WHAT THIS TASK INVOLVES: With the pictures removed, please write out every line below exactly as given.

DATA:
☆ ☆ ☆ ☆ ☆

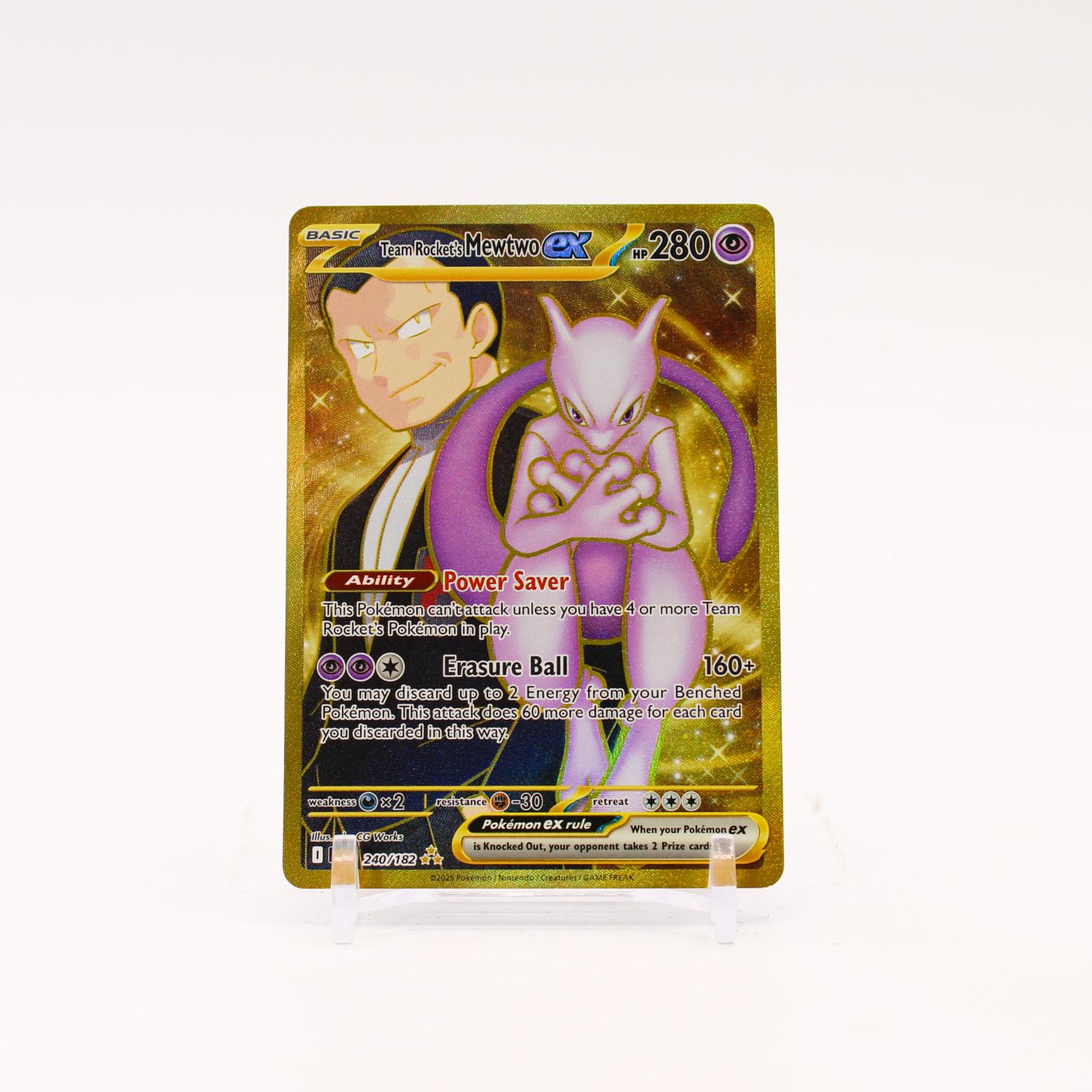 Team Rocket's Mewtwo ex - 240/182 Destined Rivals Holo Gold Pokemon - NM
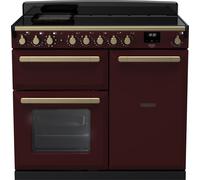 Rangemaster Estel Deluxe ESDL100EIPBOR/AB1 100cm wide Electric Range Cooker with Induction Hob - Bordeaux / Antique Brass - A/A Rated, Red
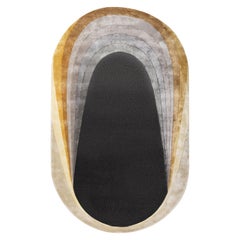 ELIPS Hand Tufted Modern Shaped Silk Rug in Gold Colour By Hands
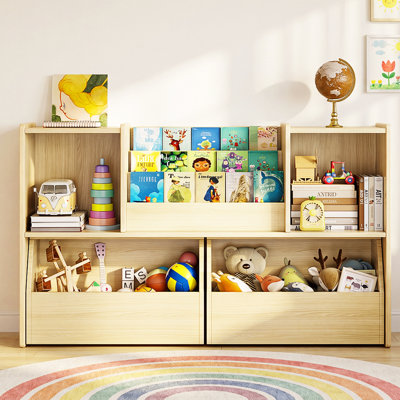 Armoire de rangement pour jouets pour tout-petits, bibliothèque pour enfants à 2 niveaux adaptée aux salles de classe, aux jardins d'enfants, aux chambres d'enfants, aux salles de jeux et aux garderies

☆ ☆ ☆ ☆ ☆

ANSWER AREA:
 Team Rocket's Mewtwo ex - 240/182 Destined Rivals Holo Gold Pokemon - NM
 Rangemaster Estel Deluxe ESDL100EIPBOR/AB1 100cm wide Electric Range Cooker with Induction Hob - Bordeaux / Antique Brass - A/A Rated, Red
 ELIPS Hand Tufted Modern Shaped Silk Rug in Gold Colour By Hands
 Armoire de rangement pour jouets pour tout-petits, bibliothèque pour enfants à 2 niveaux adaptée aux salles de classe, aux jardins d'enfants, aux chambres d'enfants, aux salles de jeux et aux garderies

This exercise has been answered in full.